Dr. Zhou presented an interesting case of a young previously healthy female with sub-acute relapsing periarticular edema and hypereosinophilia, ultimately felt to be secondary to lymphocytic variant of HES.
She shared her ddx for eosinophilia (CHINAA)
C – connective tissue diseases, e.g. eGPA, GPA, RA, dermatomyositis, scleroderma, Sjogren’s, SLE, Behcet’s IgG-related disease, APLS, immunodeficiencies
H – helminths
I – idiopathic (HES)
N – neoplasms, e.g. AEL, CEL, CML, systemic mastocytosis, B cell lymphoma, T cell lymphomas/leukemias, solid tumors (esp. GI tract, lungs, SCCs)
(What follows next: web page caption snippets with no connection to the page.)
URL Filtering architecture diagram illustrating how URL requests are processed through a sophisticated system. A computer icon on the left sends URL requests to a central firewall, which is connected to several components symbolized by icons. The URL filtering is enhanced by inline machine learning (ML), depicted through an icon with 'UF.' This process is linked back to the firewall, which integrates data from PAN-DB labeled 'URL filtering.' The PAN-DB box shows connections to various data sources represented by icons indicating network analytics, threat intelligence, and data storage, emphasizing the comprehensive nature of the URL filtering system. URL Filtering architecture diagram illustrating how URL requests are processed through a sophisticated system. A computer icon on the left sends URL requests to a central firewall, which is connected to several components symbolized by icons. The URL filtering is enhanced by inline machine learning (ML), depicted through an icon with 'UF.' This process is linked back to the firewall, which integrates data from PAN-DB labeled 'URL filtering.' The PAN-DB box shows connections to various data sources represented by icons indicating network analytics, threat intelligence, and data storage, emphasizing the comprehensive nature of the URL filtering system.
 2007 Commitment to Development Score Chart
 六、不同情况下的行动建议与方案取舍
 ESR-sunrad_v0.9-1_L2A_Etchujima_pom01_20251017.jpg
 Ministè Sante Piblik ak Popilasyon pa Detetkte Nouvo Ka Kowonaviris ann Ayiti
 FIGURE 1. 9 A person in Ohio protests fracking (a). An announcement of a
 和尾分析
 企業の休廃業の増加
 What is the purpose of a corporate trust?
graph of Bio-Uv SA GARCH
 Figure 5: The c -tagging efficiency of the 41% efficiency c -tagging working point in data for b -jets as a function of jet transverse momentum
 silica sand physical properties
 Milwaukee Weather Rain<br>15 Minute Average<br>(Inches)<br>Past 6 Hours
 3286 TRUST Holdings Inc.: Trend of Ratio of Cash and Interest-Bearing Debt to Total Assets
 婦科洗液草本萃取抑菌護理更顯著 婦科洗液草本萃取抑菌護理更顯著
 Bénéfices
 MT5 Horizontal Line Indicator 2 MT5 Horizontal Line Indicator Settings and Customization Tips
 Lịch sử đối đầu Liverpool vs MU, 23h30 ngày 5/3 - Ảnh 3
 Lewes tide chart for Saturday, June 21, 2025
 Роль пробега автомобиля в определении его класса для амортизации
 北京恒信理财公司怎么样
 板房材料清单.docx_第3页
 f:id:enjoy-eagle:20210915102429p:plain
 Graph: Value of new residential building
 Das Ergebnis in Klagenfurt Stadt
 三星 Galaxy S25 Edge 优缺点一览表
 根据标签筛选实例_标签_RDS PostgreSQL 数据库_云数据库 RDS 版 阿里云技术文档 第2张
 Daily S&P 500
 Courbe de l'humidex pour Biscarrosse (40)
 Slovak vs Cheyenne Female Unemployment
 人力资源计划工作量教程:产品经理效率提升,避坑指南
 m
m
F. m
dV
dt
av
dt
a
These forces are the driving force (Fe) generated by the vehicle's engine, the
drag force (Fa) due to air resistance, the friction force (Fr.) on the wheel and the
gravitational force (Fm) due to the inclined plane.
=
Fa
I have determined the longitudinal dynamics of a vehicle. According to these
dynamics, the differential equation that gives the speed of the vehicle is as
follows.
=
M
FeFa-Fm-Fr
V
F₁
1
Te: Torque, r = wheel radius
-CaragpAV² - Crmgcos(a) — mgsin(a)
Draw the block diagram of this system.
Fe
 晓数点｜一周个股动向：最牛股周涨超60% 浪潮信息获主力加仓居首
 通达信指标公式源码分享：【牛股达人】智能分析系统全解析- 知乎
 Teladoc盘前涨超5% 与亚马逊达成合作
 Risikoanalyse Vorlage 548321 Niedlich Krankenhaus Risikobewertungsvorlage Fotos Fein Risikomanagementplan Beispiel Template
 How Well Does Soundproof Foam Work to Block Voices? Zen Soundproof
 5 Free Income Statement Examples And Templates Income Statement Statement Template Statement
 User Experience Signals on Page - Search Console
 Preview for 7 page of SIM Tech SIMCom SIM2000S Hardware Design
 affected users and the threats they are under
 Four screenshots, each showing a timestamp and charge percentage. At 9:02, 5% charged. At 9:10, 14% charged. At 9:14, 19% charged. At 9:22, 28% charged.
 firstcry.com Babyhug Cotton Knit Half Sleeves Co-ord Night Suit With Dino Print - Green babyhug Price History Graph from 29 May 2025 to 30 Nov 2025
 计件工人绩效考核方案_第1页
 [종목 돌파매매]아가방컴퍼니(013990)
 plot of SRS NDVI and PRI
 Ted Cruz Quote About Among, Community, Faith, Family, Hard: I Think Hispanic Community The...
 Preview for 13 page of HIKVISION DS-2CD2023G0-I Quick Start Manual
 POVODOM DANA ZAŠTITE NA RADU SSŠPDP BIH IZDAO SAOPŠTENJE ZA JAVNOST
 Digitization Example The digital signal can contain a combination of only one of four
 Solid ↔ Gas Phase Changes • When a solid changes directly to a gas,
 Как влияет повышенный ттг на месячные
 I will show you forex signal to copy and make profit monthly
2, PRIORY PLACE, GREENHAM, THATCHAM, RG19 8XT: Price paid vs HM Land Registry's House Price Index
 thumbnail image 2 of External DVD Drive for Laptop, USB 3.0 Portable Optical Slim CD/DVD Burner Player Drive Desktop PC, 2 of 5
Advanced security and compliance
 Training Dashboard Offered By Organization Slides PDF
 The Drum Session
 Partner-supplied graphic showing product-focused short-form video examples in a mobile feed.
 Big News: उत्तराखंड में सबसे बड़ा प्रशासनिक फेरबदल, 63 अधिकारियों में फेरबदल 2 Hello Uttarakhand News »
A – allergies, e.g. asthma, DRESS, ABPA
A – adrenal insufficiency
HES: AEC >1500 on 2 occasions + evidence of organ dysfunction
Primary HES: Due to neoplasm/clonal expansion
Secondary: Due to other etiologies (noted above, with helminth infections being the most common) , certain solid tumors, and T-cell lymphoma. Lymphocytic variant HES is a sub-variant in this category.
Patients with primary eosinophil counts > 100K/or rapidly rising eosinophil counts should be urgently referred to hematology and started on empiric treatment (pulse dose steroids + ivermectin if strongyloides positive).